One of my sisters in-law, Claire, used to work as a stenographer (one of the people in court who records every word spoken in each case).  She witnessed many court cases and I remember her saying that many of the cases of fraud and corruption, especially on a large scale, become so complicated that no one can follow them and they eventually get rejected.  It seems that the bigger the crime the more likely you are to get away with it.  One of the judges said to her one time, ‘If you want to get away with a crime, don’t steal something from Dunnes Stores (Walmart equivalent in the US), steal  Dunnes Stores itself!’
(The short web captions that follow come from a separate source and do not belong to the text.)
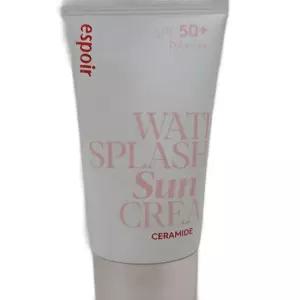 에스쁘아 워터 스플래쉬 선크림 세라마이드 60ml(SPF50+), 1개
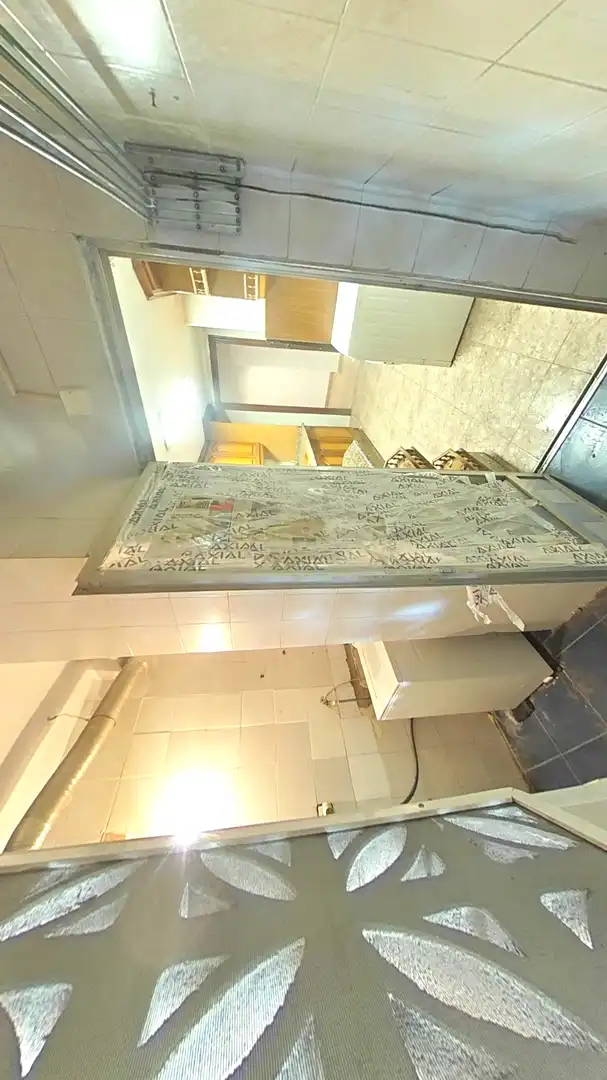 Bathroom of Flat for sale in Quart de Poblet  with Oven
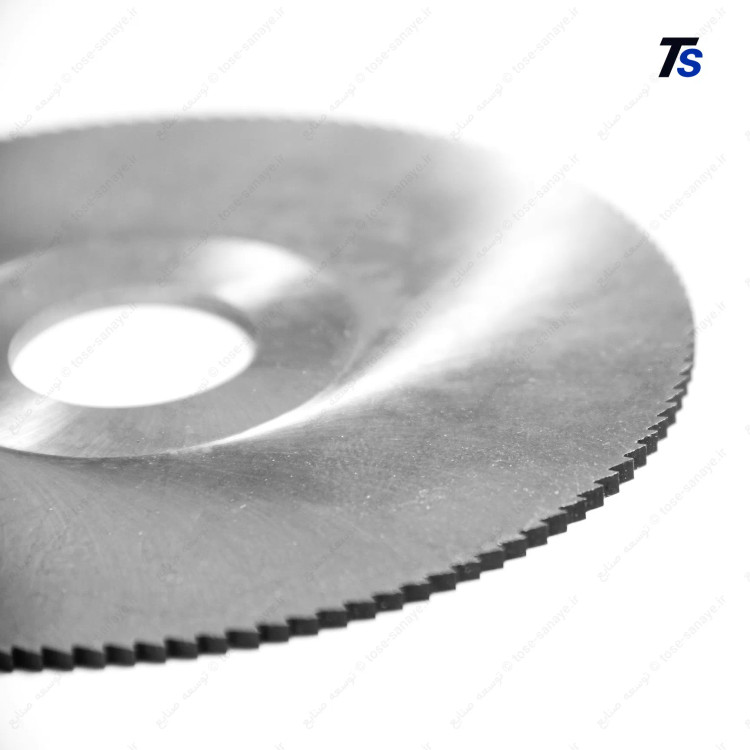 تیغ اره پولکی ایتالیایی MSF 100x22 128T HSS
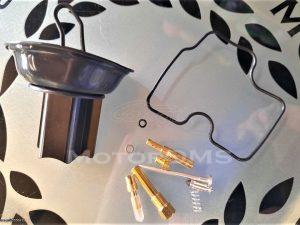 Honda CB400 SF SUPER FOUR CN 31 ΟΛΟΚΑΙΝΟΥΡΓΙΕΣ ΜΕΜΒΡAΝΕΣ ΜΕ ΣΛΑΙΤ (ΒΑΡΕΛΑΚΙ) ΚΑΡΜΠΥΡΑΤΕΡ RetroMoto!!! ΠΟΛY ΚΑΛHΣ ΠΟΙOΤΗΤΑΣ !!!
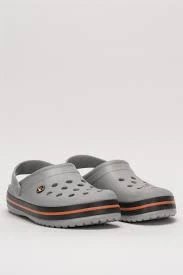CROCS GRİ BAY BAYAN TERLİK 0-06 - Resim 5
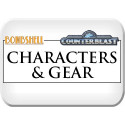 Characters And Gear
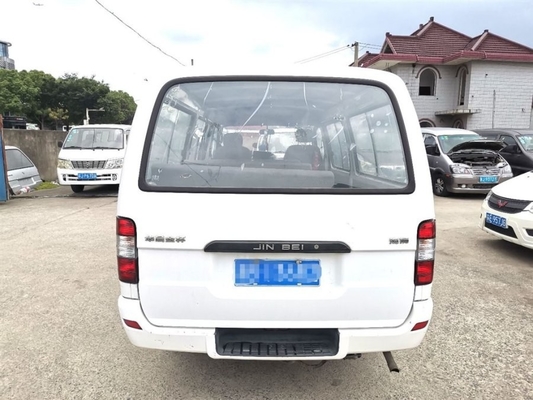 Используемая страна v страны IV минибуса 2.0L 102hp L4 Jinbei Hiace 11 Seater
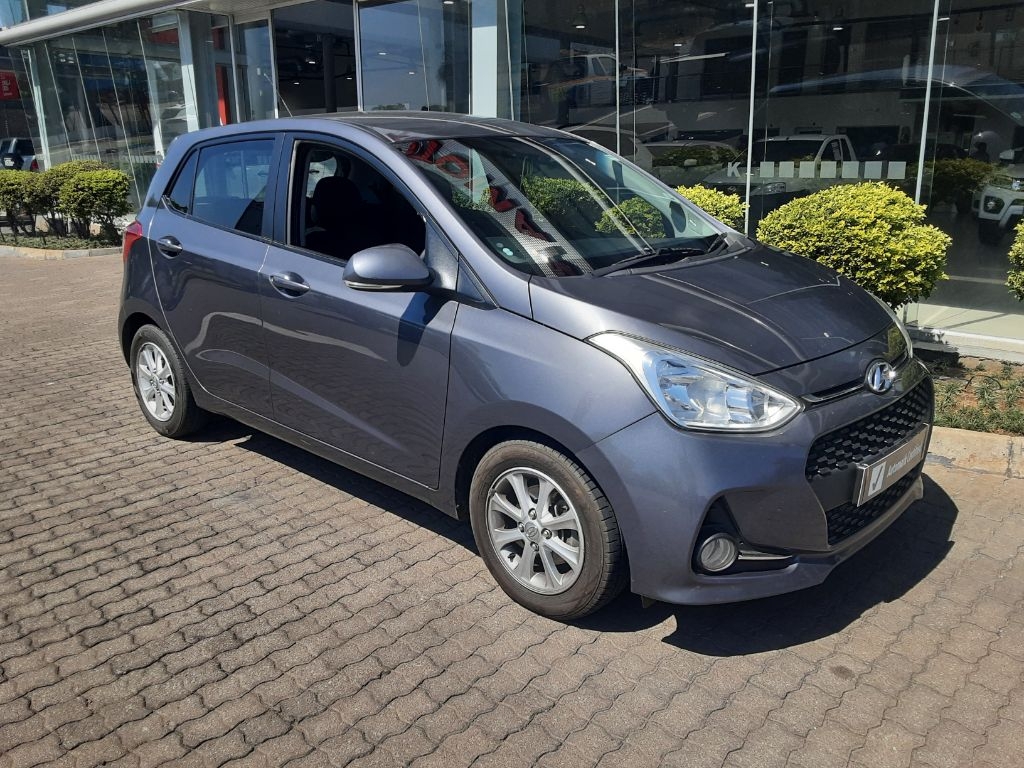 HYUNDAI GRAND i10 1.0 FLUID for Sale in South Africa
We are used to hearing many stories of corruption and it is always so frustrating because there is usually little or nothing we can do about it.  The world economic crash came about because of greed and dishonesty.  The prophet Amos refers to the same problem in the first reading, which was written about 800 years before Christ.  Humanity doesnt change.  However, the good thing is that everyone will be held accountable when they come before God and why I say that is good news is that even if people get away with corruption now, they will not get away with it when they come before God.  We will all be held accountable for our actions.

There is nothing wrong with having wealth, so long as we realize that we have a responsibility to use it properly.  I have often heard it said from people who have done very well, ‘I worked hard for my money!’  No doubt they did, but the poor work hard too, but their circumstances are different from the beginning and they are often trapped at the bottom.  If we have done well, thank God for it, but remember who gave us the opportunities, the health, the education, the ability, the intelligence?  Everything is a gift from God.  If God has blessed us in this way it means that we also have a responsibility to use it well.  Perhaps the Lord gave you money specifically to help people in various situations, but that is where we must be careful to do just that.  Money is a very useful thing, but it is only a tool which we can use for good or evil.  As Christians who try and follow the way of the Lord we must be especially careful that we do not become slaves to money, or see money as an end in itself.  It is a tool and we must use it wisely and this applies to me as a priest as much as everyone else.  People are very generous to us priests and I have to be careful that I don’t just line my pockets instead of making good use of it.  I too will be accountable before God.

If we are living in great luxury it probably means that others are doing without.  Usually when couples have families they are more pressed for cash as they try and provide for their children.  But then later on when children have grown up, you may find you have you have more surplus and that is when we must remember to try and provide for the next generation and those around us, as others did for us.

Wealth (if we have wealth) and talents have been entrusted to us for a reason, it is up to us to use it well.